Bajo este prisma caleidoscópico, el concepto de trabajo se reduce a la esfera del empleo, al campo de la producción asalariada. Esta reducción oculta el hecho de que para que el sistema socioeconómico actual se sostenga, es imprescindible la realización de una larga lista de tareas asociadas a la reproducción humana, a la crianza, a la atención de la vejez, a la resolución de las necesidades básicas, a la promoción de la salud, al apoyo emocional, etc. Llamémosles trabajos de cuidados ya que su finalidad es la resolución de las necesidades humanas y el bienestar de la gente. Éstos, debido a la división sexual del trabajo que impone el sistema patriarcal, recaen mayoritariamente en las mujeres. Esta asignación de roles relega a los hombres a la esfera del trabajo mercantil y en consecuencia, no se consideran responsables primeros del mantenimiento de la vida. Los trabajos de cuidados, que incluyen una interminable batería de ocupaciones, son inexistentes para el mercado. No obstante, son imprescindibles para su mantenimiento ya que generan la materia prima esencial para el proceso económico: la fuerza de trabajo.

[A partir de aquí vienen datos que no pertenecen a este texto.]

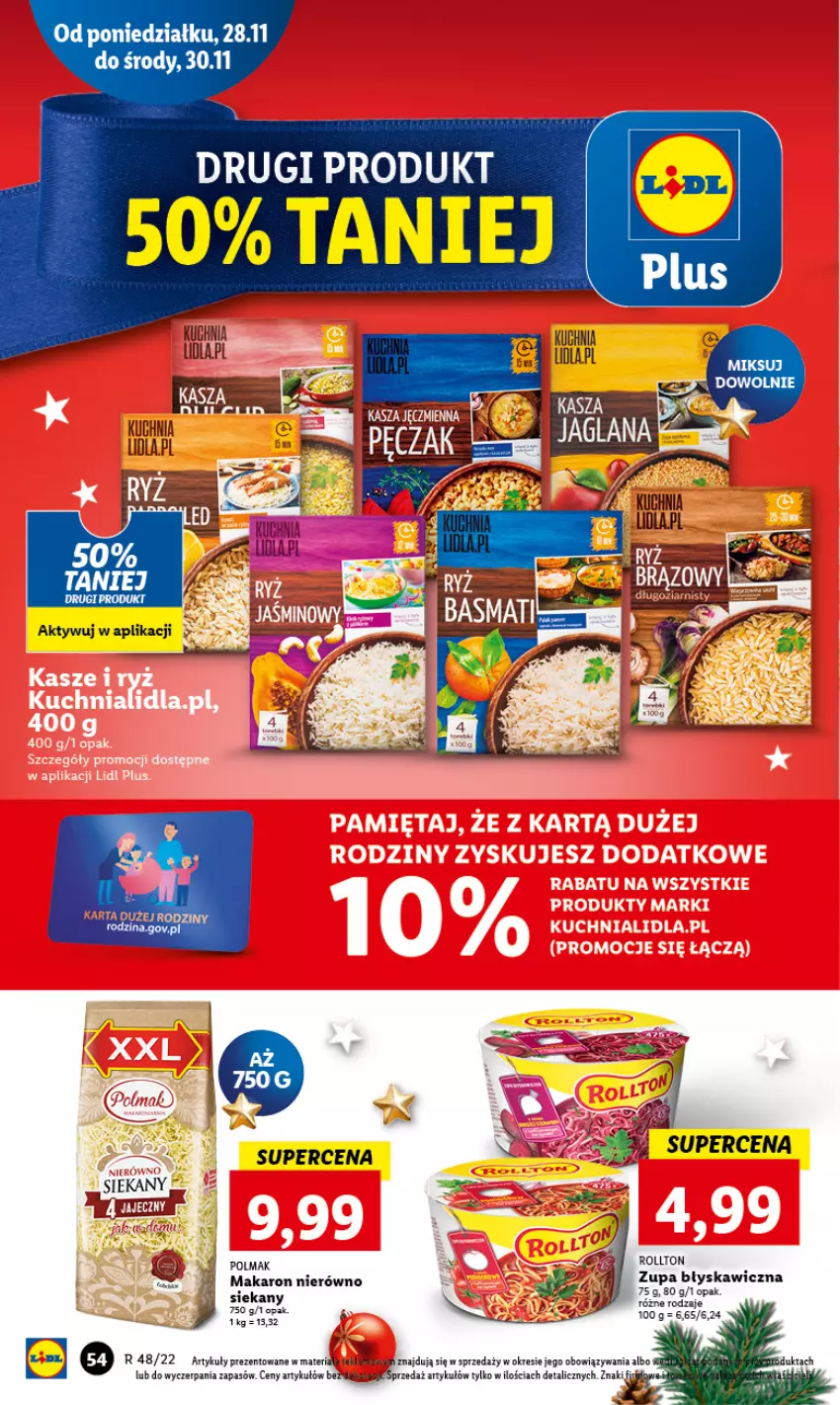 Gazetka promocyjna Lidl - GAZETKA - ważna 28.11 do 30.11.2022 - strona 58 - produkty: Kuchnia, Makaron, Zupa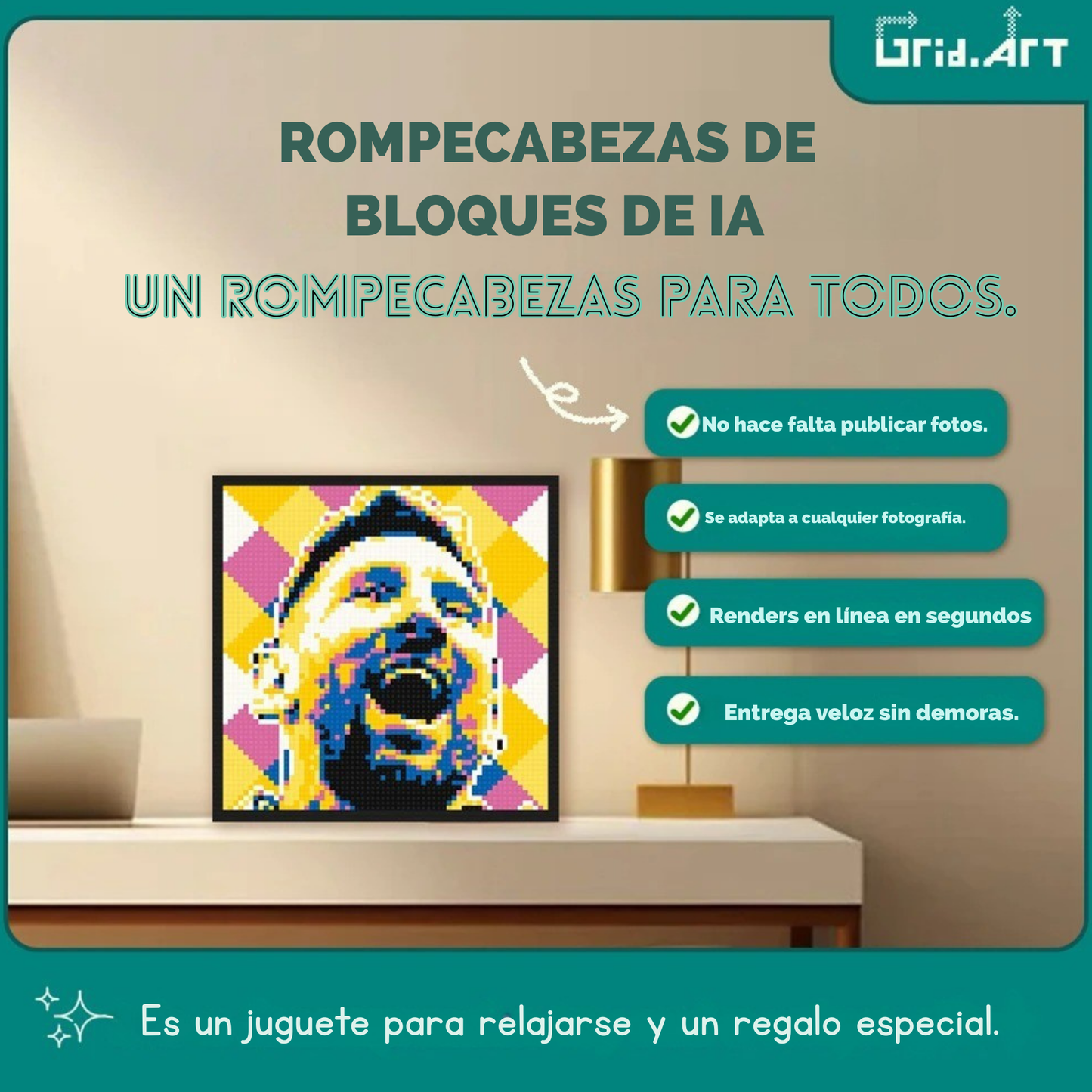 Bloques Pixel Art Personalizados – Convierte tu foto en arte único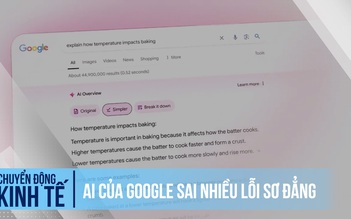 AI của Google sai nhiều lỗi 'cười ra nước mắt'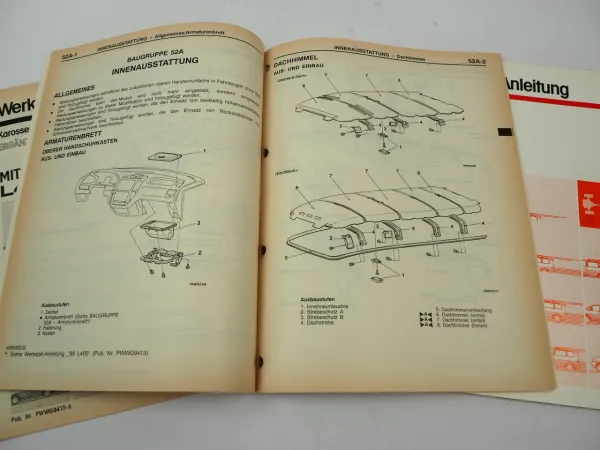 Werkstatthandbuch Mitsubishi L400 PA PB PD 1996 - 1998 Reparaturanleitung Ergänzung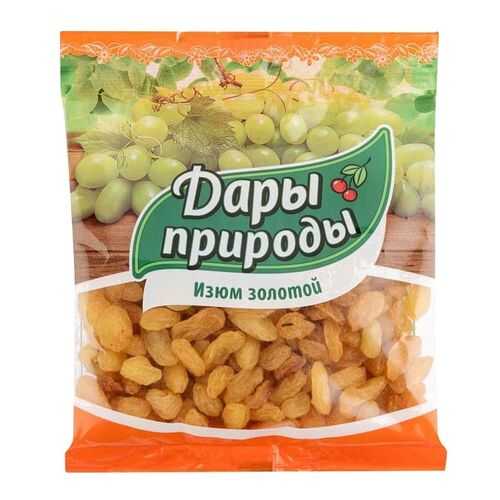 Изюм Дары природы золотой 150 г в Светофор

Así, si tenemos en cuenta que existe un listado interminable de ocupaciones tan imprescindibles como invisibles que el sistema ignora y que es realizado por mujeres, y a eso le añadimos el contexto socioeconómico actual, nos encontramos ante una crisis mucho menos conocida pero no menos importante: la crisis de los cuidados.
Las mujeres han ido accediendo al ámbito de lo público a costa de asumir dobles y triples jornadas ya que los hombres no han hecho el camino inverso hacia el ámbito privado. Asimismo, contamos con una población cada vez más envejecida, vivimos en ciudades hostiles donde lo comunitario ha perdido valor mientras la rapidez y lo inmediato sube al alza. Además, nuestros gobiernos utilizan la crisis económica como coartada para recortar y privatizar servicios sociales que sirven para paliar la situación.
Pero lejos de abordar el problema raíz, seguimos mirando por el caleidoscopio y tratamos de cerrar en falso este problema grave y clave, sin cuestionar los complicados entramados de relaciones de poder que representa. La solución no se encuentra en las súperabuelas ni en las mujeres inmigrantes contratadas en condiciones abusivas que, a su vez, dejan a sus hijas e hijos al cuidado de otras mujeres en sus países de origen.
Debemos cambiar nuestro modo de mirar, elegir unas gafas adecuadas que nos permitan ver que la obtención de beneficios y el crecimiento económico tienen que dejar de ser los que organicen nuestros tiempos, espacios y la actividad humana. Para ello, debemos articular una sociedad alrededor de la reproducción social, la satisfacción de las necesidades y el bienestar humano. Es necesario revisar y transformar el actual modelo de trabajo, acabar con la división sexual de éste y reconocer el cuidado como objetivo social y político imprescindible y prioritario.
Individualmente, en colectivo y a nivel político hay mucho por hacer. Cambiemos el caleidoscopio por las gafas, reciclemos el reloj que marca las horas del mercado y convirtámoslo en uno que nos muestre el tiempo de la vida. Sustituyamos el objetivo de crecer por crecer por un compromiso con la defensa de las vidas en condiciones dignas, justas y equitativas. Estas son algunas de las reivindicaciones de las plataformas Pobreza Cero y varios colectivos y movimientos sociales en el marco del 17 de octubre, Día Internacional contra la Pobreza.